In the records below, the part to copy starts at the line containing "oxbow newgrey stoel" and goes to the last line; output it exactly, without pictures.
═════ Source data ═════
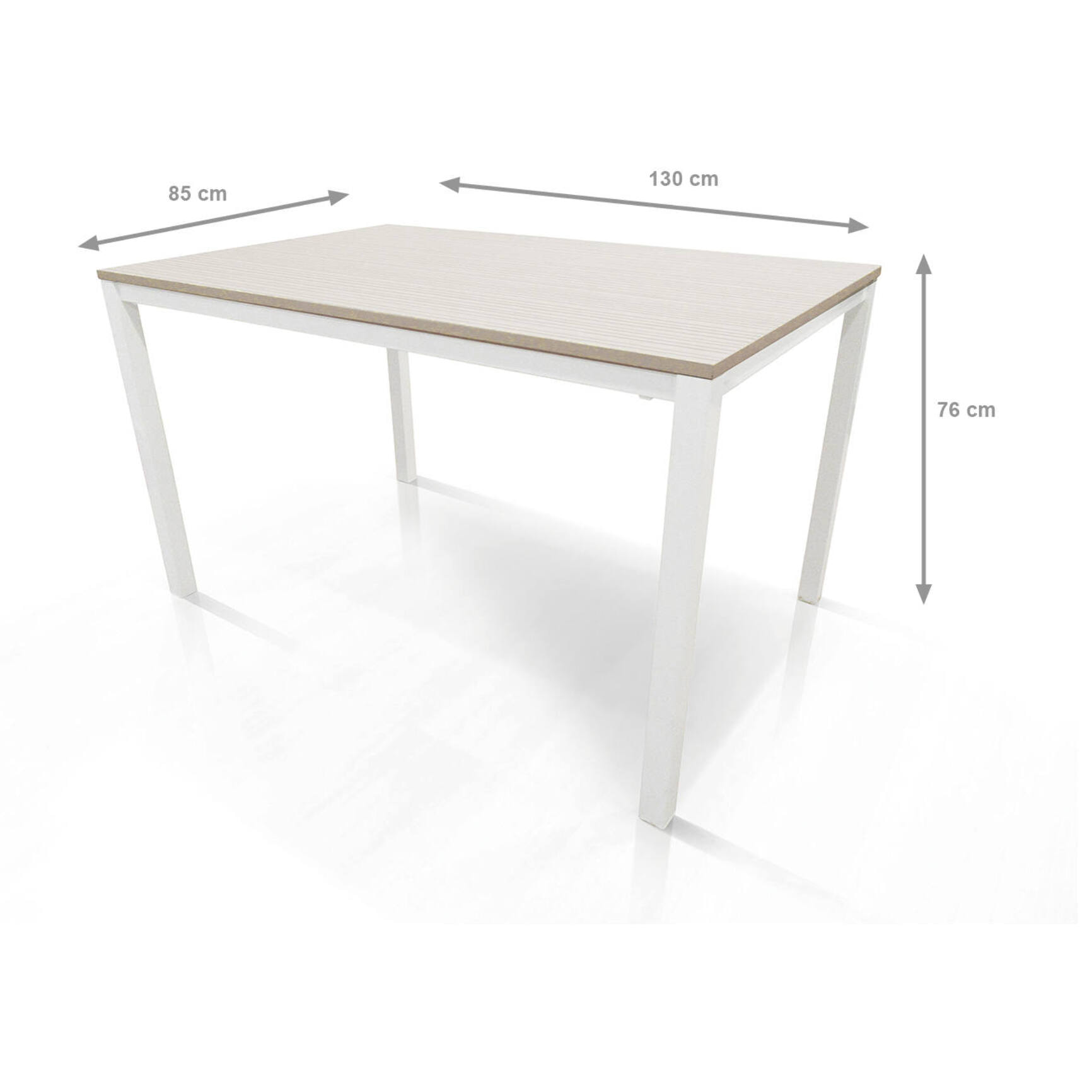 Tavolo allungabile in metallo verniciato e piano in laminato, 130 x 85 x 76, Bianco
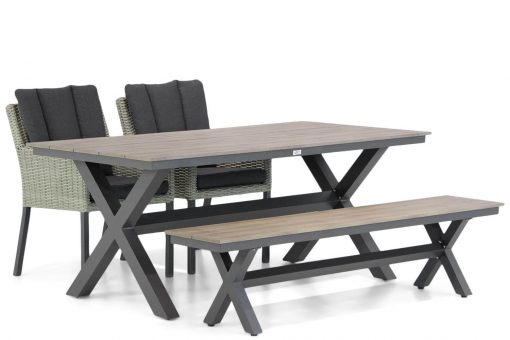 oxbow newgrey stoel met forest tafel 180 cm en bank picknick tuinset 4 persoons 510x340 - Garden Collections Oxbow/Forest 180 cm dining tuinset 4-delig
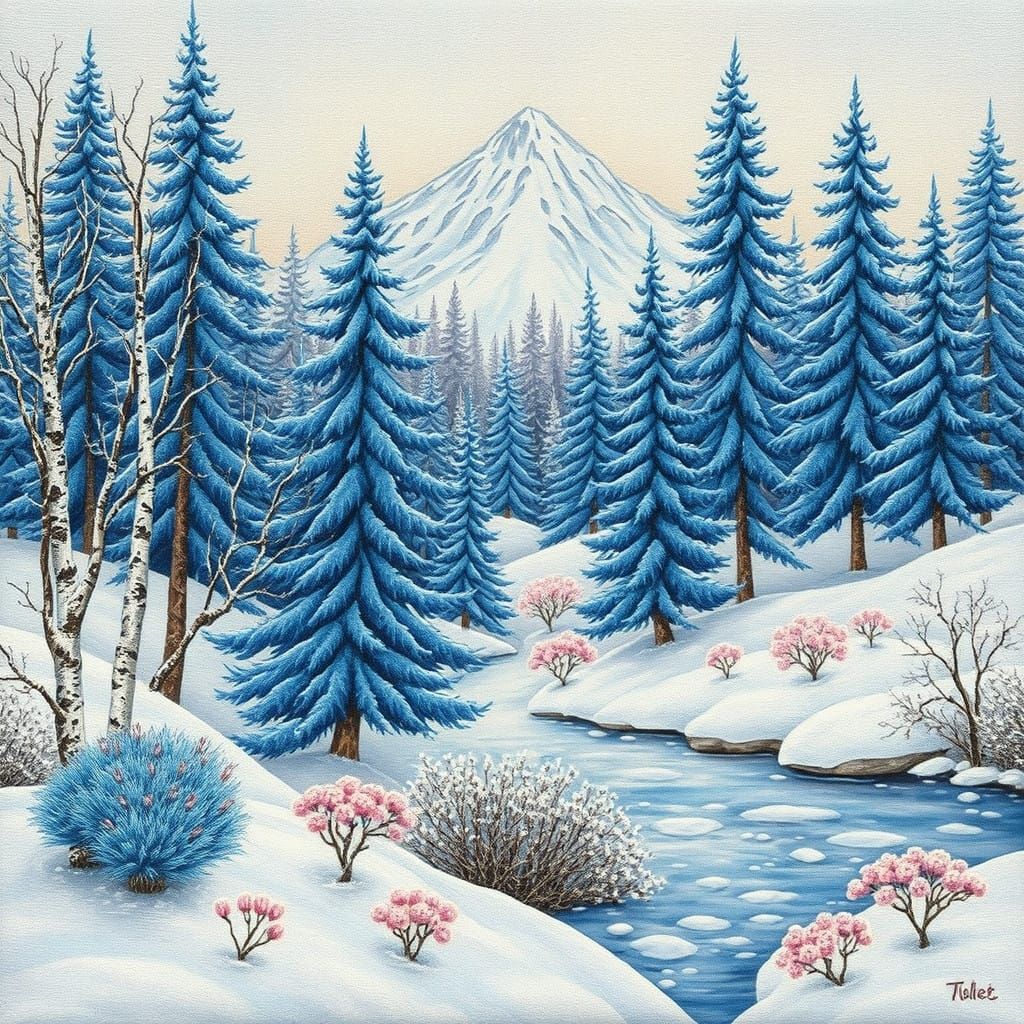 Whimsical landscape, enchanting winter wonderland, large blue fir trees mixed with a few birch trees,  frozen bushes, fr...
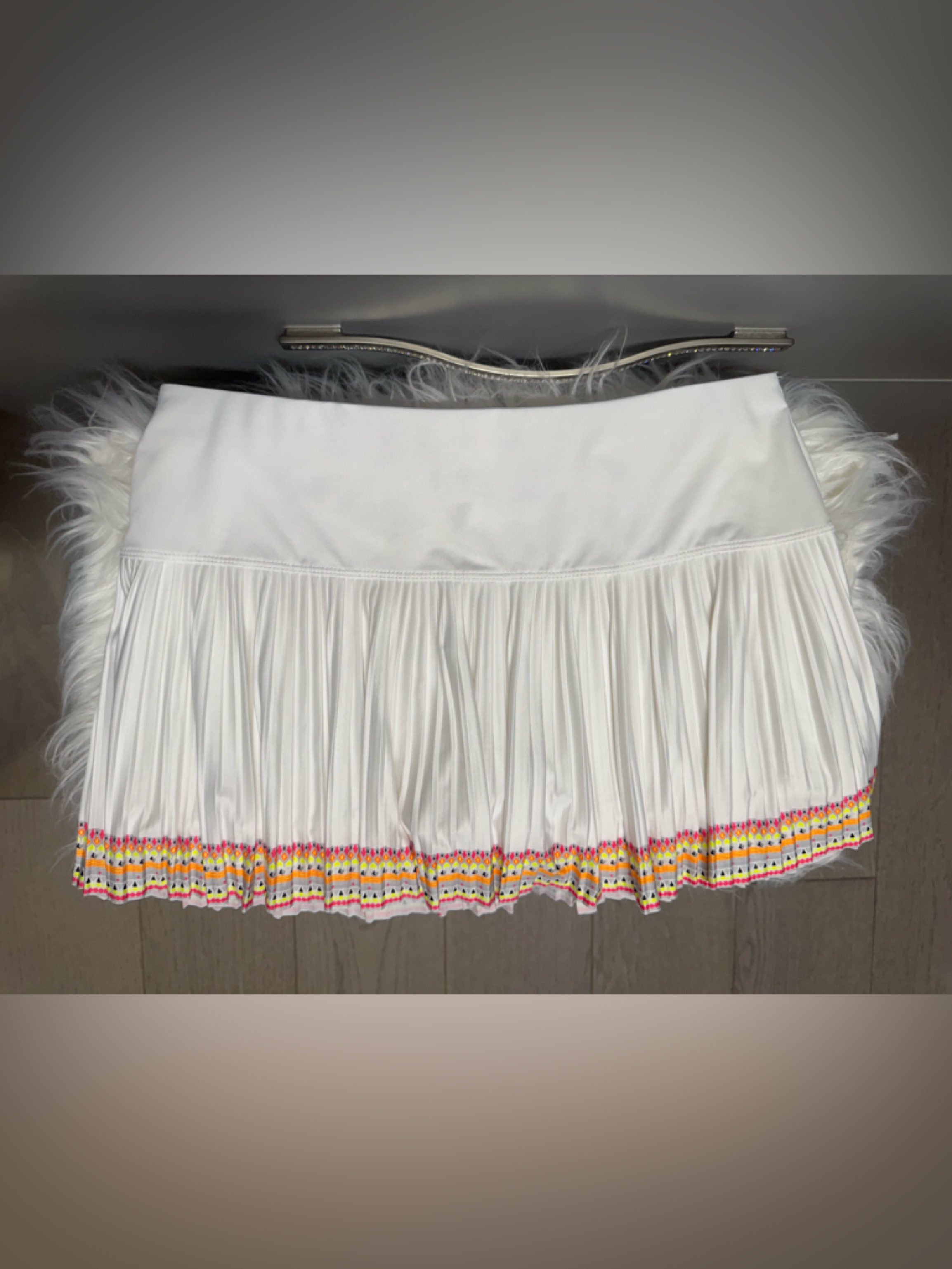 Lucky In Love White Pleated Mini Skirt With Pink, Yellow & Orange Trim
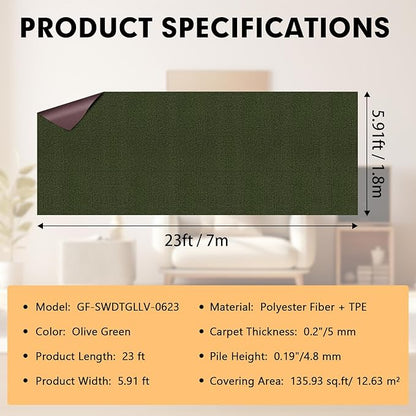 Marine Carpet,6 FT x 23 FT Olive Green Indoor Outdoor Carpet 0.2" Thick with Water-Proof TPE Backing, Non-Slide for Home, Patio, Porch, Deck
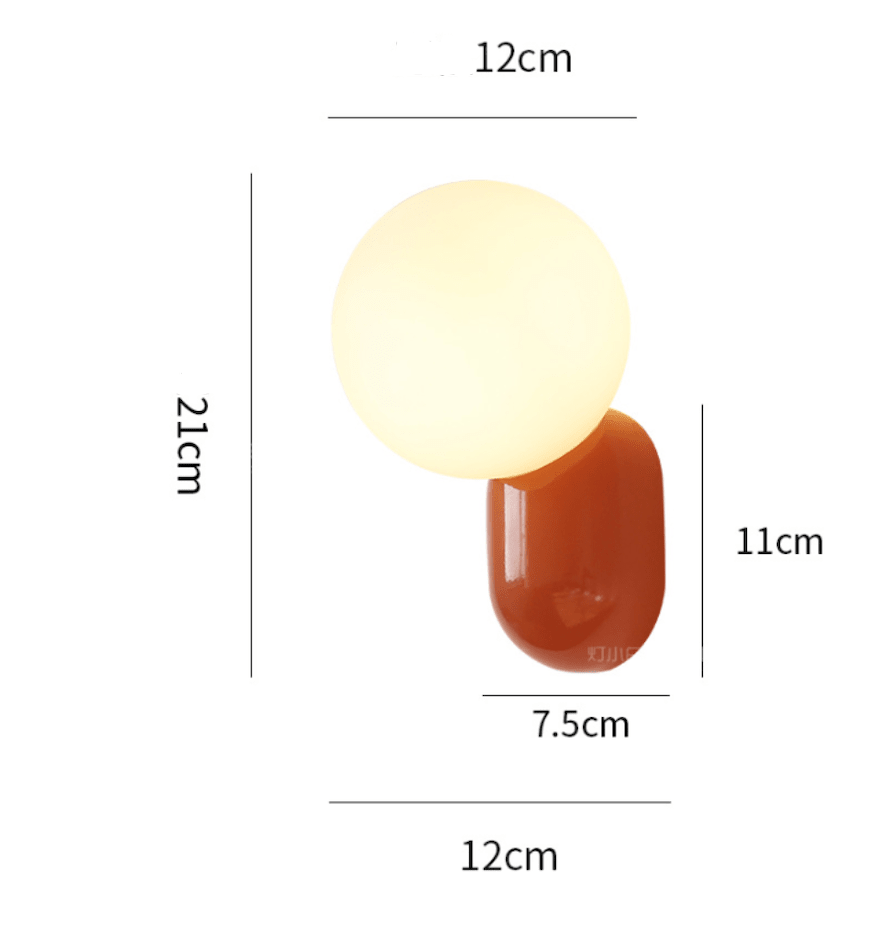 Applique murale globe en verre, base en résine, luminaire câblé G9 pour chambres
═════
# Written response
 oxbow newgrey stoel met forest tafel 180 cm en bank picknick tuinset 4 persoons 510x340 - Garden Collections Oxbow/Forest 180 cm dining tuinset 4-delig
 Whimsical landscape, enchanting winter wonderland, large blue fir trees mixed with a few birch trees,  frozen bushes, fr...
 Lucky In Love White Pleated Mini Skirt With Pink, Yellow & Orange Trim
 Marine Carpet,6 FT x 23 FT Olive Green Indoor Outdoor Carpet 0.2" Thick with Water-Proof TPE Backing, Non-Slide for Home, Patio, Porch, Deck
 Applique murale globe en verre, base en résine, luminaire câblé G9 pour chambres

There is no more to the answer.